--- Work item ---
Copy the listing verbatim, excluding any images found in it.

--- Available data ---
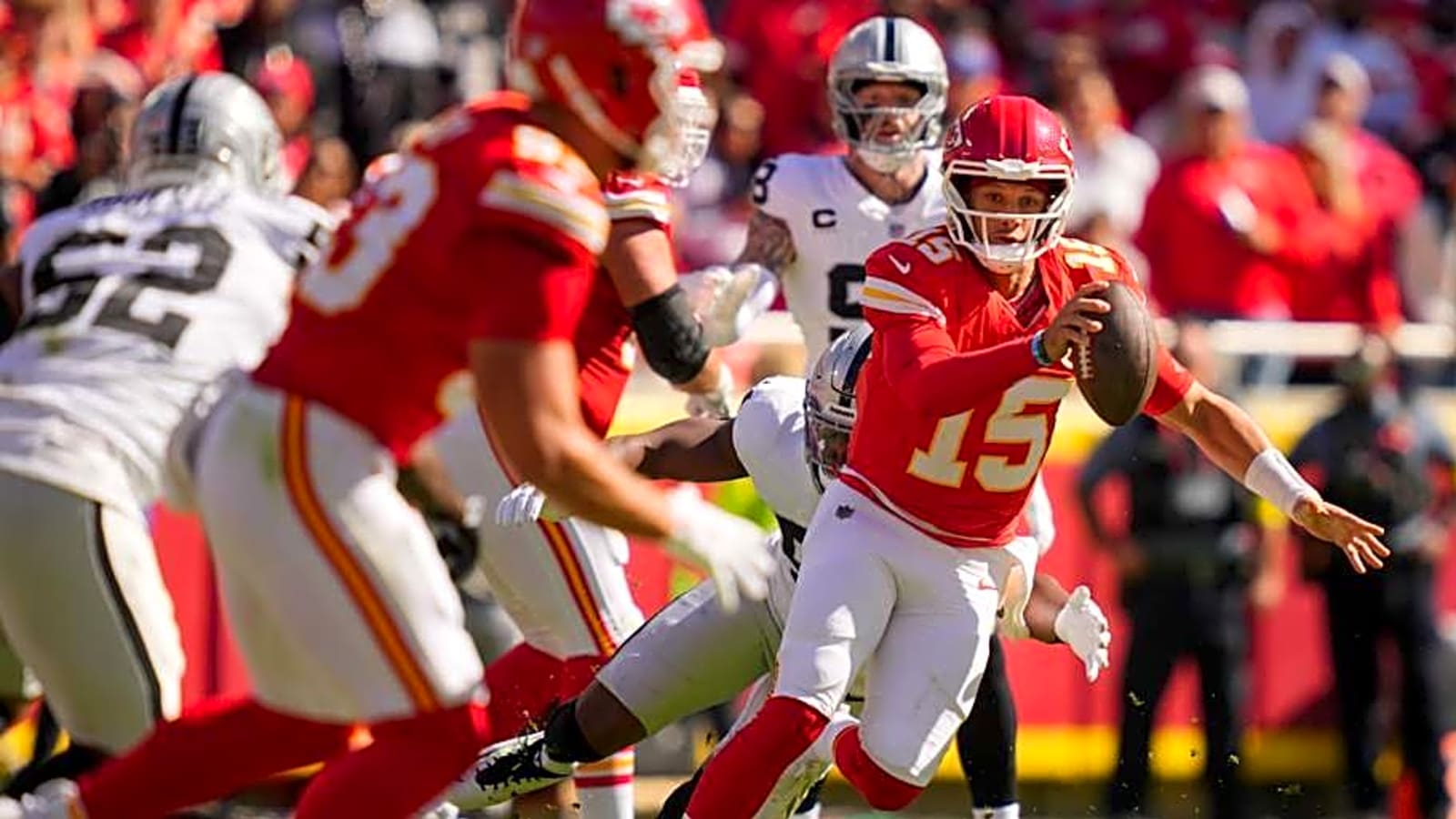 Chiefs Kingdom Reacts to Team&#39;s Humiliation of Rival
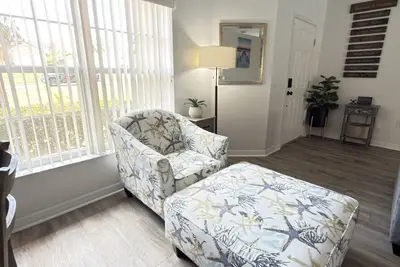 Image de Quaint, modern 3-bedroom house in charming, historic Inverness Florida.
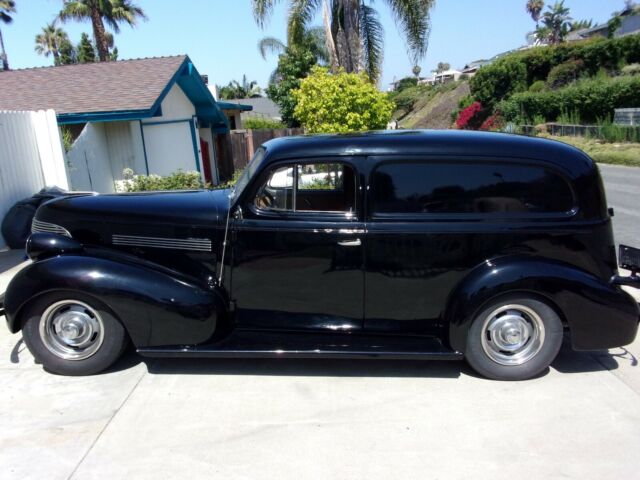 Chevrolet Sedan Delivery 1939 image number 0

--- Output below ---
 Chiefs Kingdom Reacts to Team&#39;s Humiliation of Rival
 Image de Quaint, modern 3-bedroom house in charming, historic Inverness Florida.
 Chevrolet Sedan Delivery 1939 image number 0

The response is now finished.